Getting Started with Azure Functions
Azure Functions are a simple, low profile, consumption-based way to
interact with our data. Their ‘serverless’ architecture means that we
can focus on just writing an effective function to process requests and
data. For this search appliance, I started by creating an Azure
Functions application v2.0 in Visual Studio 2019. These projects are
written using .NET Core and can also reference .NET Standard libraries. I
chose to start with a Blob trigger configuration when walking through
the initial configuration screens in Visual Studio.

Figure 1 Configuring a New Azure Functions Project with a Blob Trigger
I left the other settings on the right side with the defaults, and
created the project. By selecting ‘Blob trigger’, we can activate a
method when a new file is loaded into Azure Blob storage. See where this
is going? Let’s write a simple method to take new documents from blob
storage and prepare them to be added to the dtSearch Engine.
Hide Shrink Copy Code
[FunctionName("AddDoc")]
public static void AddDocument(
[BlobTrigger("docstoindex/{name}", Connection = "AzureWebJobsStorage")]Stream myBlob,
string name, ILogger log)
{
var fileNameParts = name.Split('.');
var newFileName = string.Concat(fileNameParts[0], "_", DateTime.UtcNow.ToString("yyyyMMddHHmmss"), ".", fileNameParts[1]);
var targetStream = new FileStream(Path.Combine(DocsFolder, newFileName), FileMode.Create);
using (var sw = new BinaryWriter(targetStream))
{
var sr = new BinaryReader(myBlob);
while (myBlob.Position != myBlob.Length)
{
sw.Write(sr.ReadByte());
}
sw.Flush();
}
targetStream.Close();
targetStream.Dispose();
log.LogInformation($"C# Blob trigger function Processed blob\n Name:{name} \n Size: {myBlob.Length} Bytes");
}
Let’s break this down. The FunctionName
attribute on
this method defines a name that Azure will use to reference this method.

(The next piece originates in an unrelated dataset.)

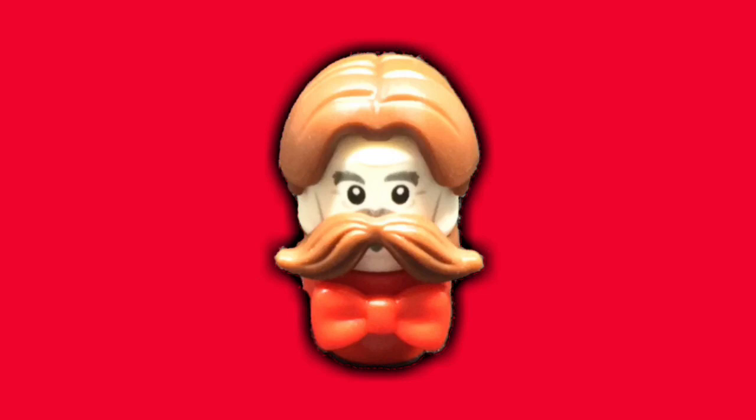With that being said, that wraps up my custom LEGO Julius Pringles. Express your thoughts on this figure down in the comments. If you enjoyed, don't hesitate to leave a like and subscribe for more. That's all, I'll catch you guys next time. Goodbye.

The BlobTrigger hint inside the parameter list indicates that the
arrival of a blob at the folder location "docstoindex" defined in the
connection named ‘AzureWebJobsStorage
’ will start this method and the contents of that blob are made available in the Stream called ‘myBlob
’. The filename is provided in the input parameter called ‘name’ and a logger for Azure functions is provided as well.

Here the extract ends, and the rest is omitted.